Best Friends

With Christmas Break at its half-way point, our guys were starting to pick on, and at, each other. Sarcasm laced dinner conversation. It was annoying. So, we challenged them to be nice for 24 hours. Every time we caught them being mean to one another, or sarcastic about the other, they paid me a dollar to help pay for a dinner out.

I was named, “the arbiter of niceness.”

In less than fifteen minutes, our ninth grader accumulated $7 in debt to the bucket. The eighth grader was lawyering up, as he tends to do, debating his $3. The fourth grader was grinning at $2.

And “best two dollars I ever spent,” said my husband as the dishes were cleared.

The funny thing is that our eighth grader is trying to decide whether to go to the high school he thinks he likes best, or the one his big brother goes to. It is a tough choice for him, because academics matter to him… a lot.

But they are each other’s best friends. We cannot imagine them apart. We cannot imagine one going through high school without the other. They will lift each other up, quietly in the background of any picture. The presence of one will inspire the other to engage.

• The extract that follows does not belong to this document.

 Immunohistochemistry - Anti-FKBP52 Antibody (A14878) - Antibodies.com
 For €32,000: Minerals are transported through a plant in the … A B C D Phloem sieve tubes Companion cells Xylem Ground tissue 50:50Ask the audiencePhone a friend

When they were in elementary school, they walked the carpool line at the end of the day, each at their own speed. I remember feeling sad that the one didn’t race to catch up with the other even if both dragged along the sidewalk alone. And I remember that as soon as they were both in middle school, that changed. They were suddenly always side by side, sometimes with friends weaving in and out between them, sometimes not. I loved watching them talk as they approached the car, wondering what had them so animated until they spilled in, long legs and too-heavy backpacks, both talking at once.

They are not the same. They operate at completely different speeds, the one always begging the other to play football or basketball, and the other begging for peace. They perceive the world through their own lenses – different sports teams, politics, favorite classes, favorite foods, humor. And often watching them, we think that if we blended their opposites into one person, they would be absolutely unbeatable as they move through this world.

Together, despite the $10 of mean fees earned quickly at the dinner table, they are amazing. I hope it Is not long before they understand and celebrate how very rare – how important – their friendship is. Maybe in time to choose a high school.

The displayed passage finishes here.